Each training sample has a one-year lookback, but the collection of samples spans the full history in the database.
15. Practical Interpretation
This architecture is best viewed as:
- cross-sectional fusion across assets inside each row
- temporal modeling across 252 days inside the sequence
- multi-horizon regression at the output
The LSTM handles local sequential structure. The attention layers let the final representation compare distant days within the lookback window. The gating stages act as soft feature selection.

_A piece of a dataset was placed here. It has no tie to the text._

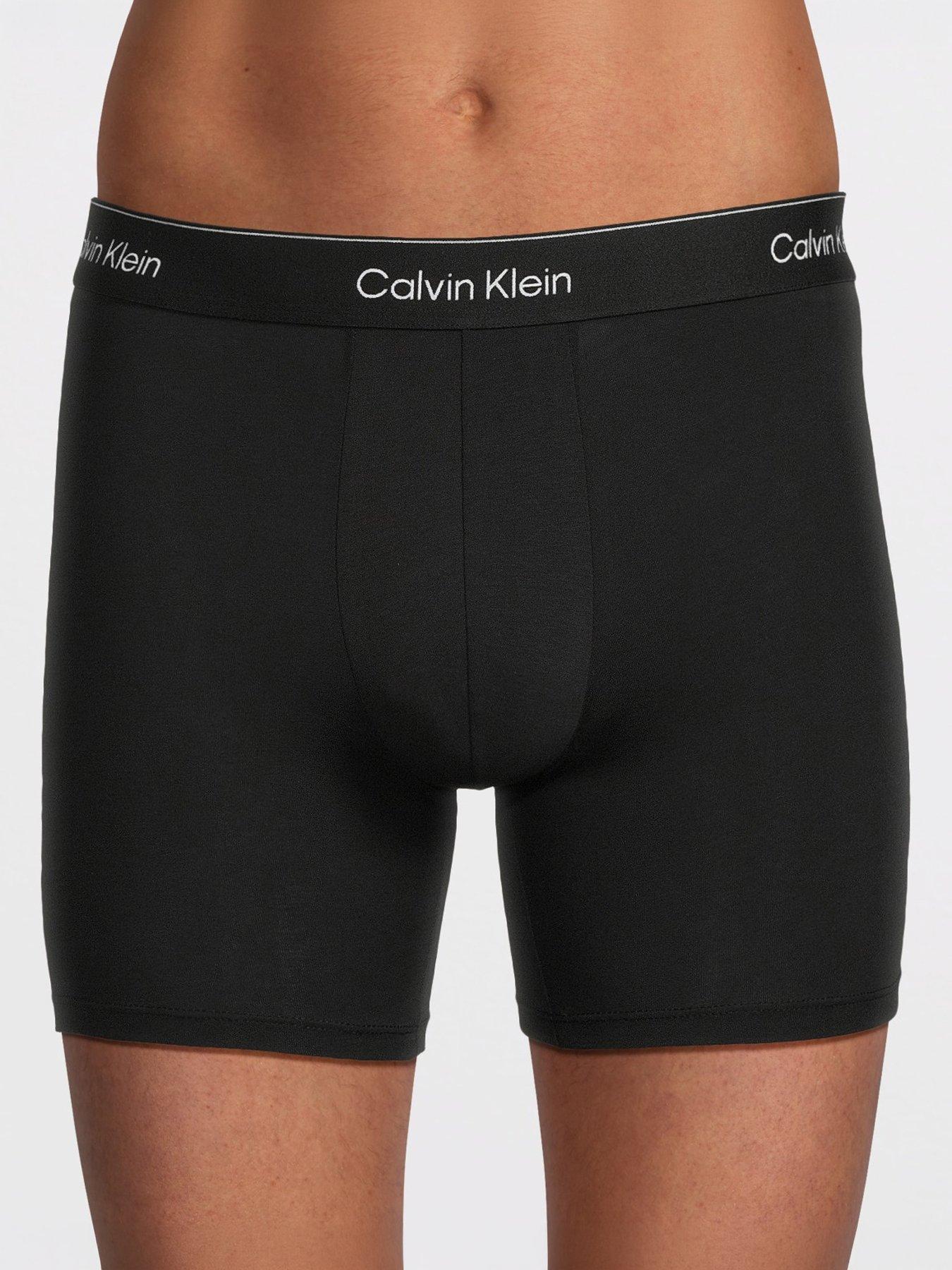 Image 2 of 3 of Calvin Klein ICON Cotton Stretch 3 Pack Boxer Briefs - Black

16. Reproducibility Queries
Example raw data query:
SELECT ticker, date, close, volume
FROM market_data_daily
WHERE ticker IN ('AAPL','SPY','QQQ','TLT','VXX')

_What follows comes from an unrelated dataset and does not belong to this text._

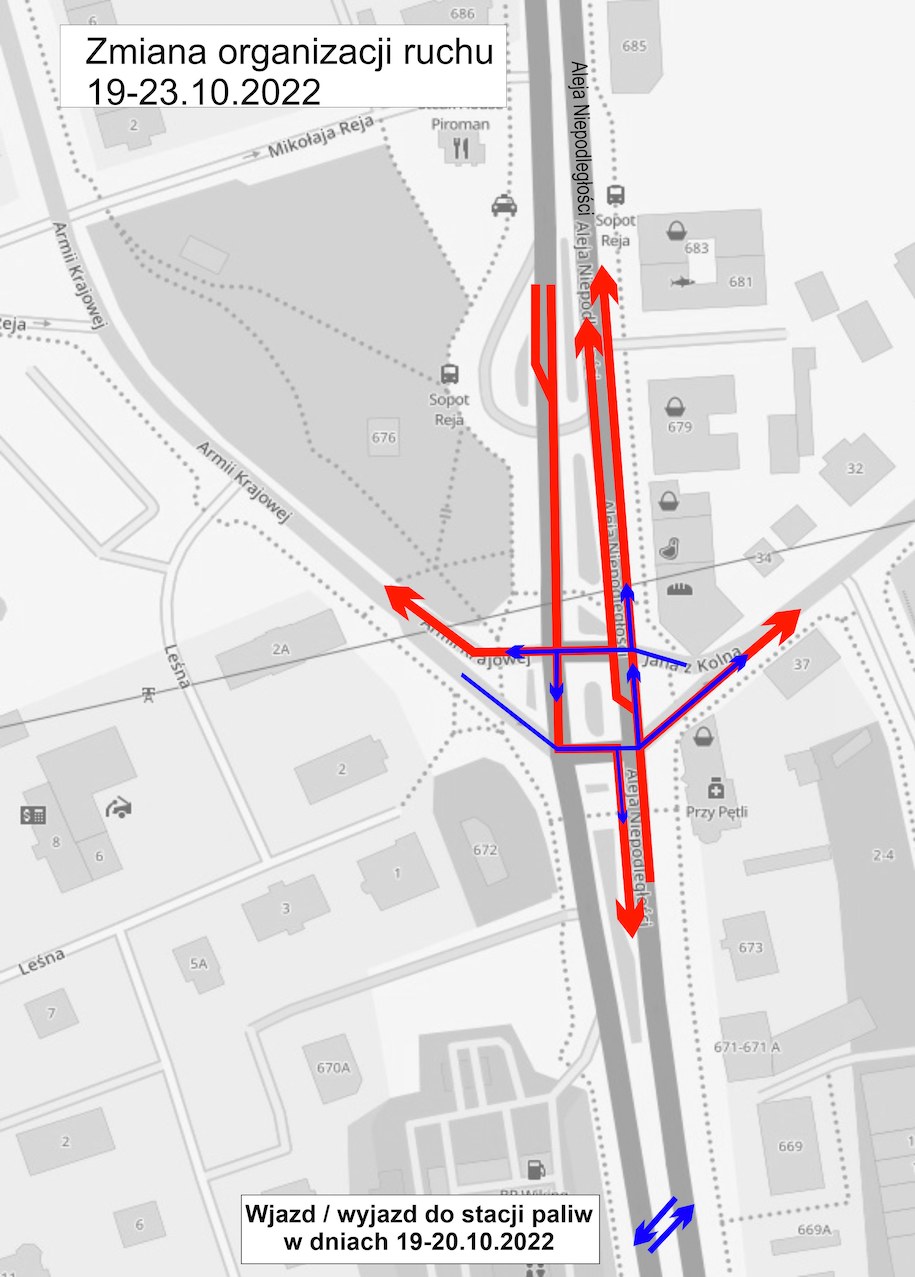 Mapka /Zarząd Dróg i Zieleni w Sopocie  /Materiały prasowe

AND date = DATE '2026-04-23'
ORDER BY ticker;
Example latest 252-day window span:
WITH d AS (
SELECT date, ROW_NUMBER() OVER (ORDER BY date DESC) AS rn
FROM market_data_daily
WHERE ticker = 'AAPL'
)
SELECT MIN(date) AS window_start,
MAX(date) AS window_end,
COUNT(*) AS trading_days
FROM d
WHERE rn <= 252;
17. Important Note
As of 2026-04-23, the checked-in model/tft/model.py file has a formatting corruption near the top of the file. The formulation above is based on the readable model body plus the training, dataset, config, export, and inference paths, which are consistent about the intended architecture.